# California Shopping :)



## urbestreality (Apr 19, 2006)

Hey Everyone,

I'm going to CAlifornia on vacation and I really want to go crazy shopping 
	

	
	
		
		

		
			





 .  Were going to San Diego, LA, Costa Mesa, and Huntington Beach.  I would love to get a lot for my money and I know there are places to get really cute clothes for cheap but I'm not sure where their at.  Any Suggestions??


Thanks


----------



## KristineBelle15 (Apr 19, 2006)

On Garnet Ave. in Pacific Beach here in San Diego is AWESOME!


----------



## urbestreality (Apr 20, 2006)

THANKS SO MUCH......I will Def. go.


----------



## lindsay (May 1, 2006)

in huntington beach there are the cutest shops all down by the pier... the main one that i remember is called HSS, and there are a bunch of good shops near there as well. also fashion valley center in san diego is a good one... {those are my picks even though i haven't been there in like a year and i'm not from CA 
	

	
	
		
		

		
		
	


	




 }


----------



## bebs (May 1, 2006)

fashion valley is always good -san diego 
south coast plaza - costa mesa (not cheap but really nice)
also when your in costa masa (its like 10 - 15 minutes away) go to newport, fashion island, the beach umm then down the 101 is laguna tons of shops clothing and tons of other things higher rent higher prices.. and then as you go up the walk lower prices of things... its also a wonderful place to go and hang out during the day, I do that when I get bored!!! 
hunting beach is nice but last time I went there most of the shops were closed down and alot of work was being done within the streats.. mind that this was a month ago so dont know at the moment. 
LA is wonderful if you want to make the clothing your self -mind you I know people that do this- the cloth.. or um fabric district I've been told is cheap and good, as well as the clothing district, I <3 this place only been there once an dying to go up there again, as for mac pro store up in la...
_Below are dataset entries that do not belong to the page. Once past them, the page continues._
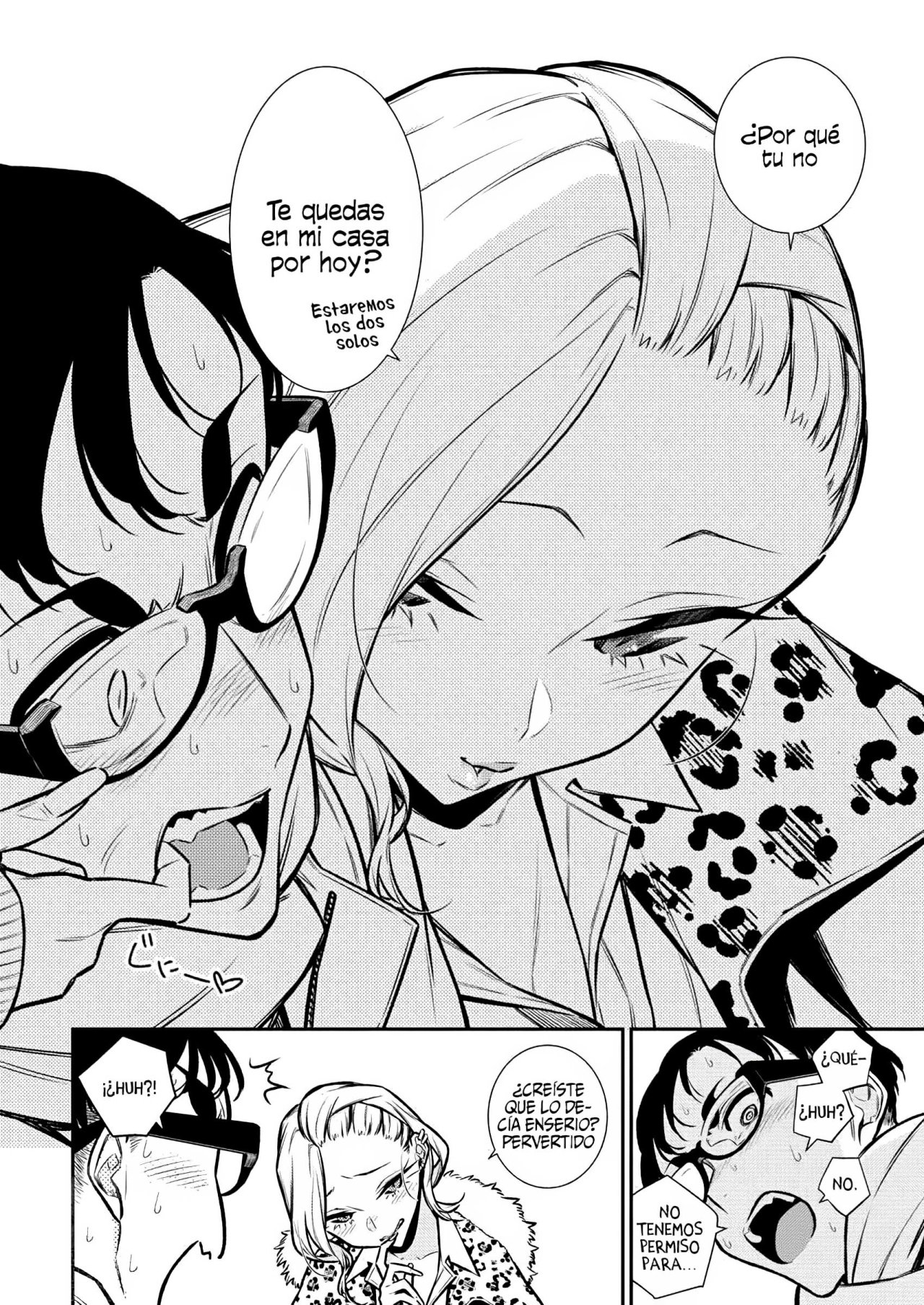 Yancha Gal no Anjou-san Capitulo 92 página 9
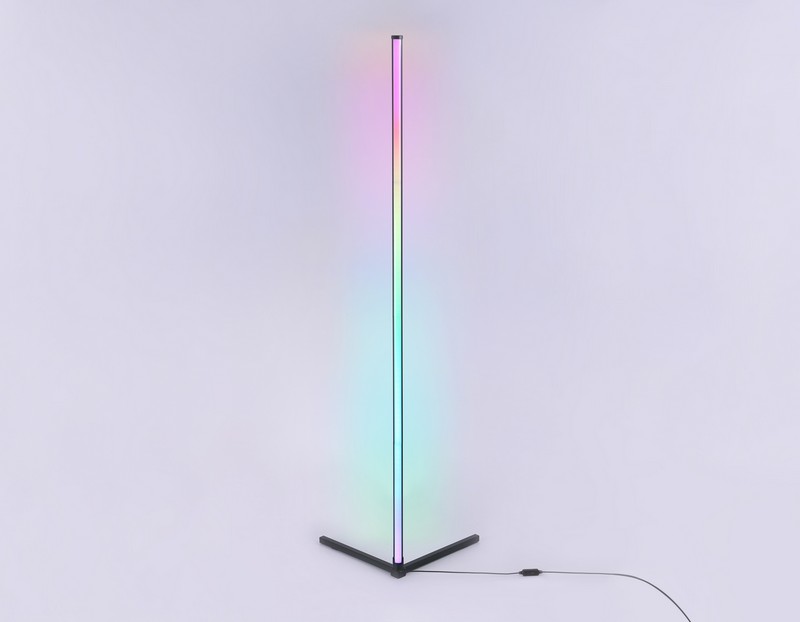 Светильник светодиодный напольный RGB с пультом Ambrella Light FL8027 Светильник светодиодный напольный RGB с пультом Ambrella Light FL8027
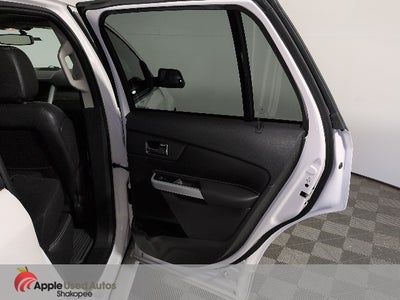 2013 Ford Edge Sport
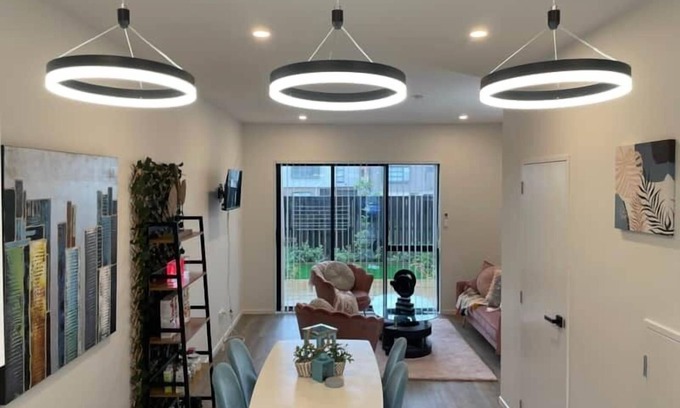Flat Bush House | Flatbush Holiday Accommodation, 2 Bedroom TownHouse | Apartment KK11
I know of just down the ally cheap but good clothing stores... but they are also out of the way if you would like me to pm me and I'll try to get the addresses to you.


----------



## urbestreality (May 16, 2006)

Thanks so much guys....you've been so helpful


----------



## wowzakadowza (Jun 23, 2006)

my faves around here include:

huntington beach- main street for sure (the pier)

costa mesa- south coast plaza and if your into stores like urban outfitters, theres a little mall called the lab right down the street (thelab.com) & the camp is across the street. let me just warn you, the lab does not look like a mall. there are about 7 or 8 stores ish and its camouflaged haha theres like chinese lanterns outside & its says "the lab" (just warning you if you decide to go, a little difficult to find if youve never been there)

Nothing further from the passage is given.